Do you need to test the effects of mutating a gene in your system?  Then, CRISPR is the way to go. Your first step is to decide on good target sequences. Then, you have to get the two components of CRISPR: the Cas9 nuclease and “guide” RNA (gRNA). Even though you’ve read up on the technique online, there are many ways to get these components into cells—which one should you choose?  There are several factors to consider when deciding how to introduce CRISPR-Cas into your cells. Here’s a list of some possible methods, and what you should consider when deciding between them:

Plasmid/Expression Vectors for CRISPR

You will need one plasmid containing a sequence encoding Cas9 and the same or another plasmid for your chosen gRNA sequence. Addgene and others have made such sequences widely available, including versions with a variety of promoters—both constitutive and inducible. You will probably have to clone your gRNA of interest into a vector, unless you’re lucky enough that someone else has already done so. Addgene lists and distributes many experimentally validated gRNAs.

These vectors provide a lot of flexibility—do you want Cas9 stably expressed or would transient expression be better? Do you want to express Cas9 and your gRNA in the same vector or different vectors? Note, the ability to use separate vectors for Cas9 and your gRNA allows you to flexibly combine Cas9 with different gRNAs. What promoters work well in your cell type? Would you like to use a selection marker or perhaps simply a tag to mark those cells that have been successfully transfected? Keep in mind that this does not mean they’ve been successfully edited! While using expression vectors provides a lot of flexibility, the efficiency is highly dependent on your cells of interest.

Viral Vectors for CRISPR

Another option is to introduce the DNA encoding Cas9 and your gRNA into cells using viral vectors. Lentivirus is frequently used, but other retroviruses (such as MSCV) may be used depending on the cell type. Like using plasmids, this method will generally require you to clone your gRNA sequence into a vector. And the efficiency will depend in part on the transduction efficiency you can achieve in the cells you chose. You have the option of introducing a selection marker or other tag to identify transduced cells and the ability to use separate vectors for Cas9 and your gRNA. As with stable transfection, viral integration may have a negative impact on your cells, so keep this in mind if you choose one of these methods.
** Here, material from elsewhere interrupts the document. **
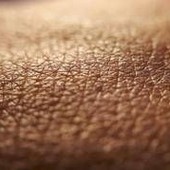 Dermatite atopica, quando la pelle condiziona la vita, 'Diari atipici' dà voce ai pazienti Dermatite atopica, quando la pelle condiziona la vita, 'Diari atipici' dà voce ai pazienti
Cloning a vector might be worthwhile if it will be a commonly used resource for your project, lab, or others. But if you want to test the effect of a specific alteration, one of the following methods might work better.

Cas9 mRNA and gRNA

If you don’t want to spend time cloning your gRNA sequences into vectors with the appropriate promoter, or your cells are hard to transduce and transfect, then you can transcribe in vitro Cas9 mRNA and your gRNA of interest (or pay someone to make them for you if cost isn’t too much of an issue!). Then, introduce them into your cells by electroporation or microinjection.  You’ll have transient expression of Cas9 and the gRNA, which might be preferable, you might lose some efficiency. There also isn’t a good way to select for or mark which cells are expressing both Cas9 and your gRNA. Again this may or may not be a problem for your system.

Cas9-gRNA Ribonucleoprotein Complexes

In vitro formation of Cas9 protein and gRNA ribonucleoprotein complexes requires no cloning and takes less time than waiting for translation of Cas9. To use this method, you in vitro transcribe your gRNA of interest and complex it with commercially produced Cas9 protein (simply by mixing the two components together and leaving them at room temperature for 15 minutes!). This complex is then introduced to your cells by electroporation or using cationic lipids. Like the mRNA/gRNA method, you won’t have any marker or selection available.

Overall, there are a handful of important considerations when choosing the system you’ll use to introduce CRISPR components into your cells. You’ll need to consider the time to obtain/make reagents, transient or stable expression, whether you need selection or a marker, efficiency (for your cell type!), and the effect on cell viability. You might already know what type of transfection or transduction method works well in the cells you need. If not you should be able to find some literature on the subject. It’s also worth a quick search for CRISPR and your cell type of interest to compare the efficiency of different methods that have been reported by different labs.  CRISPR is a powerful technique, but you don’t need to reinvent the wheel when it comes to targeting your cells!